• PROVIDED RECORDS:
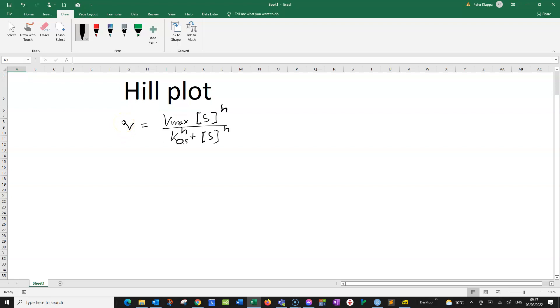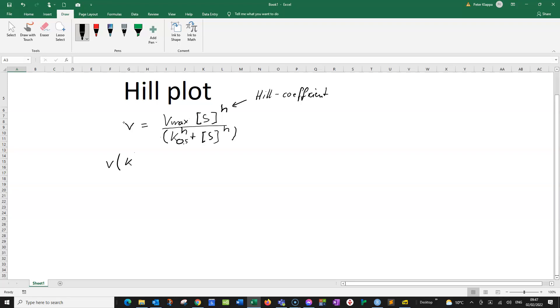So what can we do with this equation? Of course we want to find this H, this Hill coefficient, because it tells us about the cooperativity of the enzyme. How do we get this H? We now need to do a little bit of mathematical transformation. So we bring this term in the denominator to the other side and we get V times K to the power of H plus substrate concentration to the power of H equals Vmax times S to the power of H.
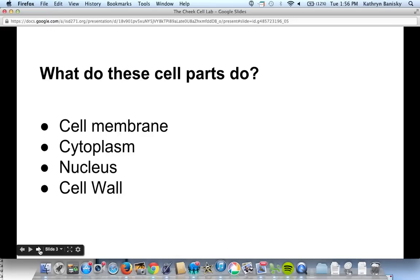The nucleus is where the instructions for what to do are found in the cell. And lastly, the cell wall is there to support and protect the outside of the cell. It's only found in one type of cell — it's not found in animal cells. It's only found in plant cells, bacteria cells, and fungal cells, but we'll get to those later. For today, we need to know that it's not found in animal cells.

* * *

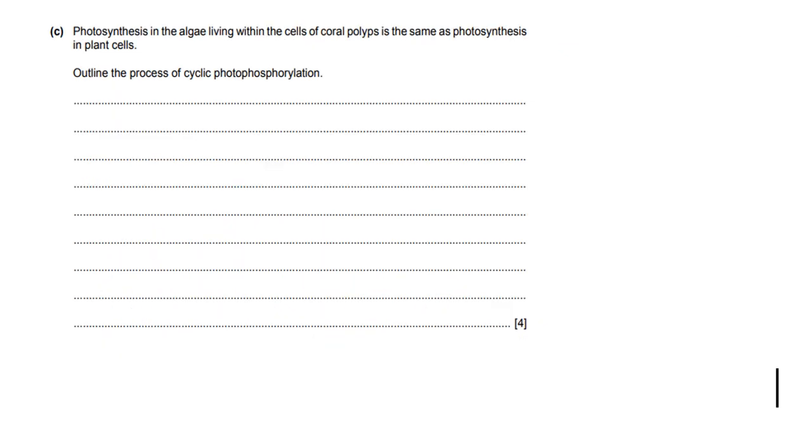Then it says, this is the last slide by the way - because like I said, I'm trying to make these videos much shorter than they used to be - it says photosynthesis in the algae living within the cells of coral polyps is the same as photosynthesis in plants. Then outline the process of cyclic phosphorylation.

• WHAT TO DO: Exact repeat of the material above: every line from the one with "So what can" through the one with "The nucleus is", endpoints included, and nothing more. No pictures.

• EXPECTED ANSWER:
So what can we do with this equation? Of course we want to find this H, this Hill coefficient, because it tells us about the cooperativity of the enzyme. How do we get this H? We now need to do a little bit of mathematical transformation. So we bring this term in the denominator to the other side and we get V times K to the power of H plus substrate concentration to the power of H equals Vmax times S to the power of H.
The nucleus is where the instructions for what to do are found in the cell. And lastly, the cell wall is there to support and protect the outside of the cell. It's only found in one type of cell — it's not found in animal cells. It's only found in plant cells, bacteria cells, and fungal cells, but we'll get to those later. For today, we need to know that it's not found in animal cells.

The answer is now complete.